Now, this is something where I don’t know what that would look like, but maybe this is the shock that we need because we’ve been having these shocks time after time, not at this scale.
[00:22:55] Kate: Yeah, no, and I think there, there has been a case and it’s a lot of what we think about and work on is the dependency on the U.S.. And this is in for profit tech or whatever, we look at it in these other spaces. It’s what people are complaining about right now. It’s I want to communicate about these things, but I’m dependent on Twitter and Facebook and they are now not aligned with where I want to be or whatever it is, but there aren’t choices.
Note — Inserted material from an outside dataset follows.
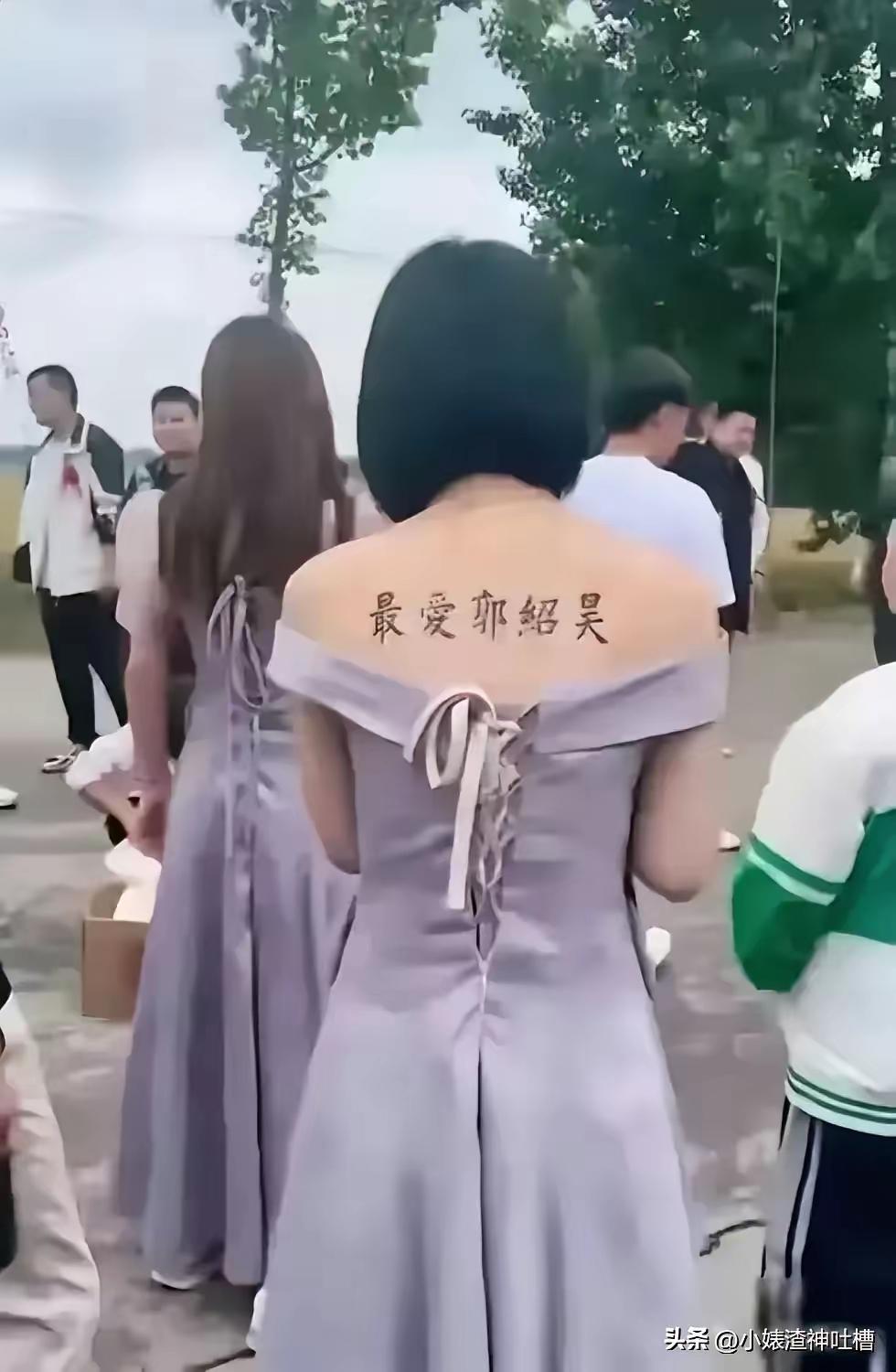 婚礼上，新娘自然是主角，可这次这位伴娘却直接成了全场最吸睛的存在。社交媒体上疯传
Whereas poor countries already were feeling those things in ways where they didn’t have the choices, they were too expensive, they didn’t work, whatever all the things are. So in some sense, it’s just fanning the fire of everything that was already there and maybe we could all just turn a blind eye to.
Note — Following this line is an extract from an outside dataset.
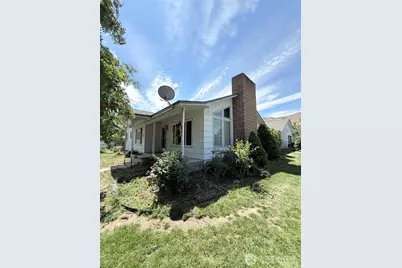 522 Golden Street, Oroville, WA 98844 - Photo 1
[00:23:37] David: I think this is the reality. For someone who’s been working on the ground for so long, this doesn’t feel new. This is what I’ve been seeing for years. This is why I want things to work differently. But, for many people, they didn’t understand that. Now, maybe they will. The fact that there is the power to just turn these things off, to have this much disruption on the global scale in such a way.
I’m not saying that the U.S. president shouldn’t have this power. But I am saying that if that power is there, should USAID have been behaving differently in the first place? Given that power, maybe it should have been behaving differently in ways which were, not, therefore, and I would argue the same was true of DFID.
This is when the same thing happened with DFID years back and projects got cut. If this is the case, when you award a project, should you always award it all up front so the project is safe? If your funding is not secured, what are you doing giving people projects for funding which is not secure? That’s just irresponsible aid, given this context.
[00:24:51] Kate: However, that’s how all giving works. At least in the grant in this kind of sense, you get part of it, and then you’re asking people who already don’t have a lot of extra resources to cover the cost until the final chunk is delivered, that’s problematic.
[00:25:10] David: It’s not unreasonable though, it’s problematic to do it otherwise, which is why that’s come in. But what we’re starting to see is that, you know, you can only do that if you as an organisation are giving organisations a stable. Recognising the instability of some of these global players, that’s a shock to the system. A few years ago, who would have dreamt that USAID wasn’t a reliable institution? It’s been such an institution! It’s incredible.
[00:25:43] Kate: I guess that if I had to take a step back and think about what USAID is emblematic of in our times is how much that feels very stable is actually quite unstable. And how much, from our perspective, opportunity there is in that. We’re in a luxurious place, a privileged place to be able to feel that in this instability, whereas a lot of people it’s just suffering. And that is very unfortunate and obviously in an ideal world we would avoid that.
And I think many people feel this, that change is coming, that there are massive realignments that are coming. And it’s not clear at all what they’re going to look like or how they’re going to play out or how long it will take. But there is a lot of opportunity if you are in a place where you can start to introduce new things and step into voids or create alternatives.
[00:26:42] David: Absolutely. And maybe we can get beyond this public sector, private sector dichotomy, because that’s not the only thing that matters. What about a dichotomy between stability and instability? Recognising the value of both. Stability is great for certain things, but it’s stagnating for others. Instability creates innovation. It’s exciting, it’s new, but it’s disruptive and damaging as well.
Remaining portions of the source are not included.